Freer joined the Occidental faculty in 1996 as an instructor and started teaching L.A. politics and history, coalitional politics, and what would become the foundation of her community-based learning courses. In these civic engagement classes, students explore and do ethnographic research of L.A. neighborhoods such as Boyle Heights, Leimert Park, and Koreatown.
Freer's class on the history of conflict in Los Angeles helped lead Giulia Pasciuto '10 to her career path. An urban and environmental policy major from Templeton, Pasciuto was intimidated at first by the size of the city. But in the class, she stepped outside "the Oxy bubble" and explored downtown, Skid Row, Bunker Hill, and other L.A. sites. With Freer's help, Pasciuto subsequently interned with the L.A. Department of City Planning. She is now studying for a master's in urban planning at UCLA.
"The entire experience was hugely eye-opening. I think L.A is really beautiful now," says Pasciuto, who calls Freer "one of my favorite professors at Oxy. She's so dynamic and grounded in what's happening in and beyond Los Angeles."
When Los Angeles Mayor Antonio Villaraigosa appointed Freer in 2005 to serve as a member of the influential nine-member Planning Commission—which oversees land use, housing, open space, and transportation within the city's 469 square miles—she initially balked at accepting the position.

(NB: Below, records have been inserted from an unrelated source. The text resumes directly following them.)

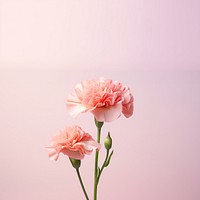 Carnation flower petal plant. AI generated Image by rawpixel.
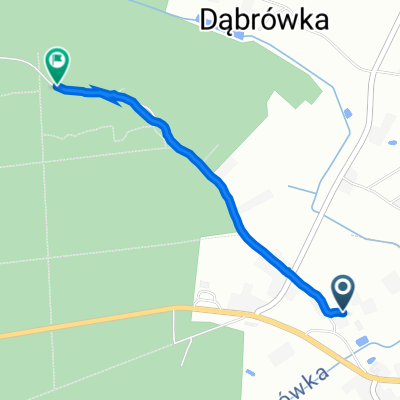 Świerczów 130A, Kolbuszowa do Dąbrówka, Cmolas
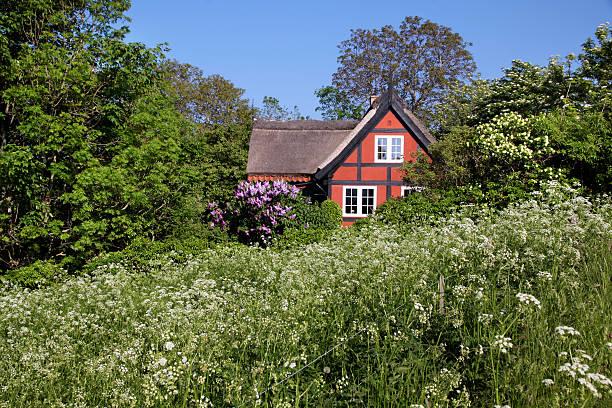 Latinerkvarteret Aarhus Denmark, historic red half timbered houses with typical Scandinavian colors under summer blue sky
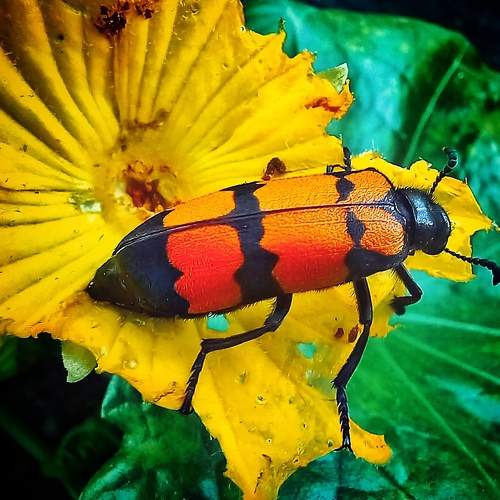 Photo #6442520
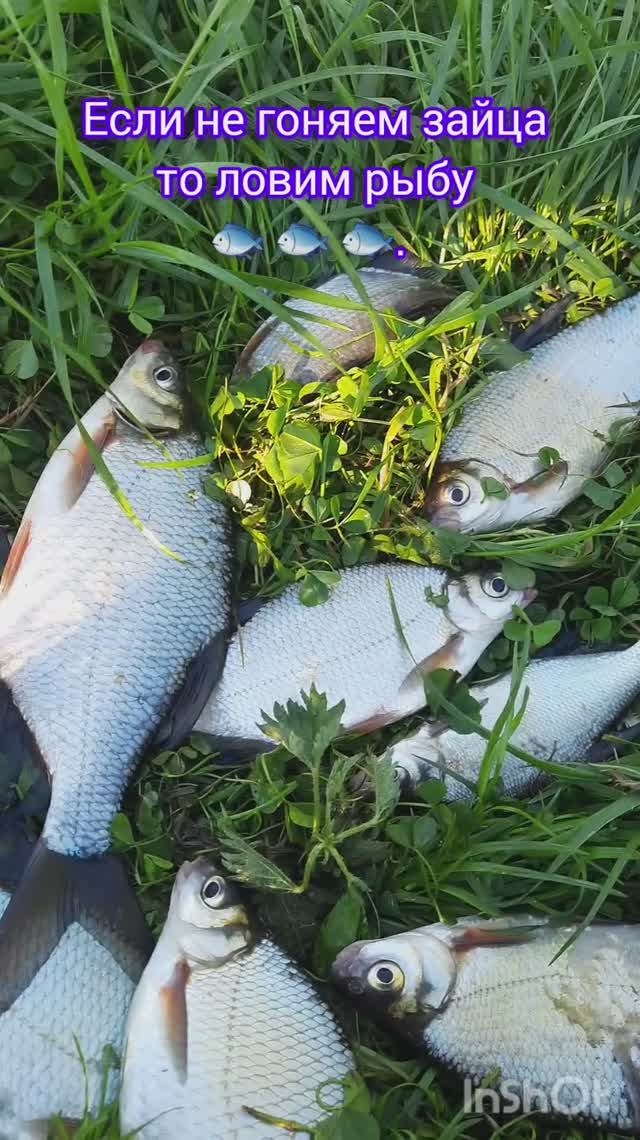 Если не гоняем зайца то ловим рыбу 🐟 🐟 🐟.#рыбалка #fishing #карп #природа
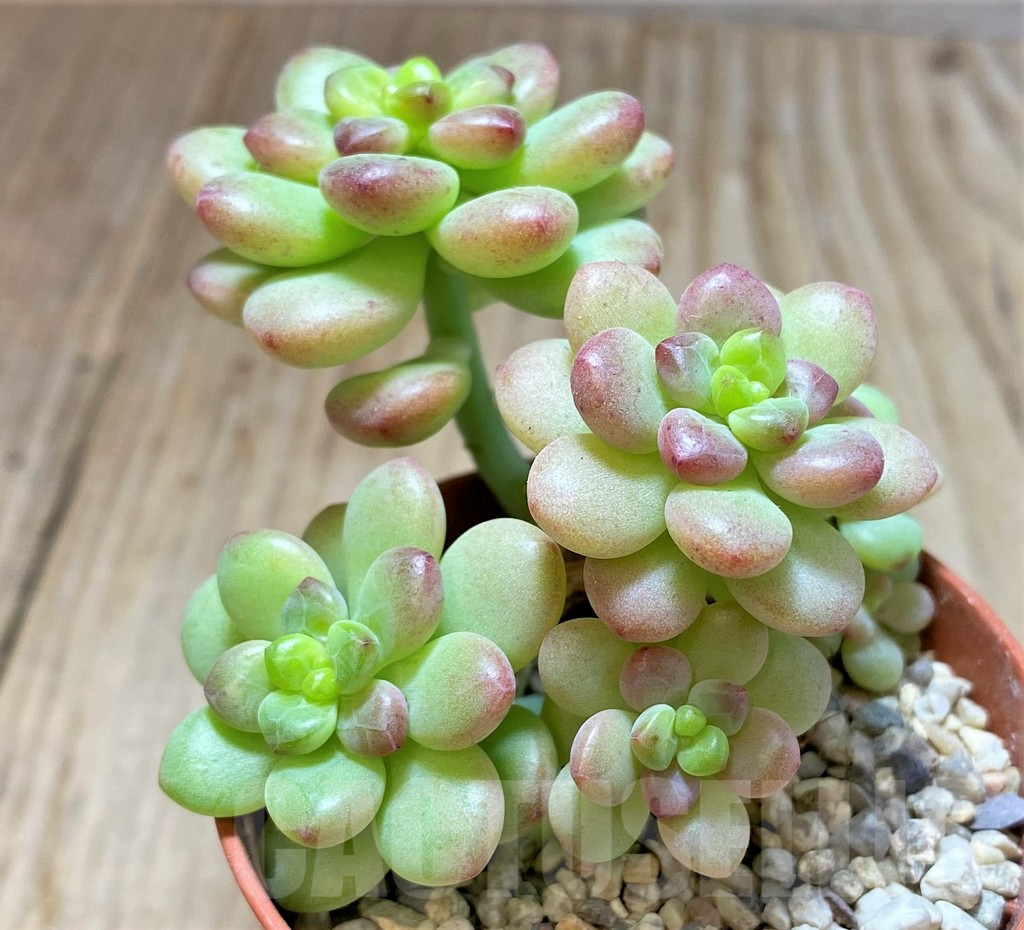 SHPR38340 Sedum 'Shangri La' - Obrázek 2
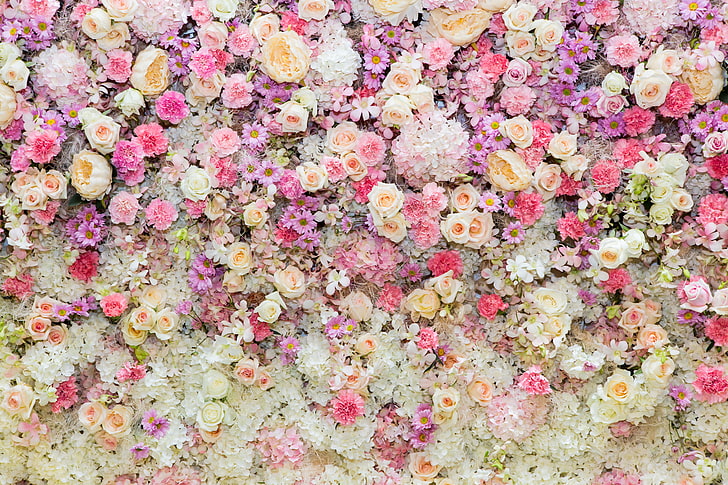 Rosas blancas, rosadas y púrpuras, flores, fondo, rosas, rosa, brotes,  brote, Fondo de pantalla HD | Wallpaperbetter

Freer saw herself as a scholar and community organizer, not a city hall insider. But then she realized that she could help change L.A. for the better. "It was an opportunity to be in a decision-making place where I could make a difference on issues that really mattered to me, like affordable housing and environmental justice concerns," says Freer, who was appointed vice president of the commission in 2008.
"Regina has helped to bring health and livability and wellness as part of the planning process," says Robert Gottlieb, the Henry R. Luce Professor of Urban and Environmental Studies and director of Oxy's Urban and Environmental Policy Institute.
"Unlike some of the other commissioners, she's not speaking for her economic interest," adds fellow commission member and former L.A. City Council member Michael Woo. "She's looked upon as someone who knows the history of L.A., about the decision-making process, about the big picture."
In addition to her work with the Planning Commission, Freer is an advisory board member of the Los Angeles Black Worker Center, which researches and brings attention to the employment needs of African Americans in L.A., and sits on the community funding board of the Liberty Hill Foundation, a Los Angeles nonprofit group that invests in community-based projects on the environment, poverty and economic justice, and gay rights. Shane Goldsmith, Liberty Hill Foundation's vice president and chief program officer, says Freer has been indispensable in projects such as an assessment tool to help evaluate grant applicants and a training program to develop future city commissioners. "Regina is super-accessible, always willing to roll up her sleeves and help us," says Goldsmith. "She helps keep us out in the world."
Freer has written extensively about Los Angeles, co-authoring The Next Los Angeles: The Struggle for a Livable City with professors Gottlieb, Mark Vallianatos, and Peter Dreier, and publishing several papers on Charlotta Bass, an early 20th-century black newspaper editor and activist who ran for the U.S. vice presidency on the Progressive Party ticket with the campaign slogan "Win or lose—we win by raising the issues."
"I agree!" says Freer, who is now writing a biography of Bass. "I'm not always on the winning side, but I always try to raise the issues."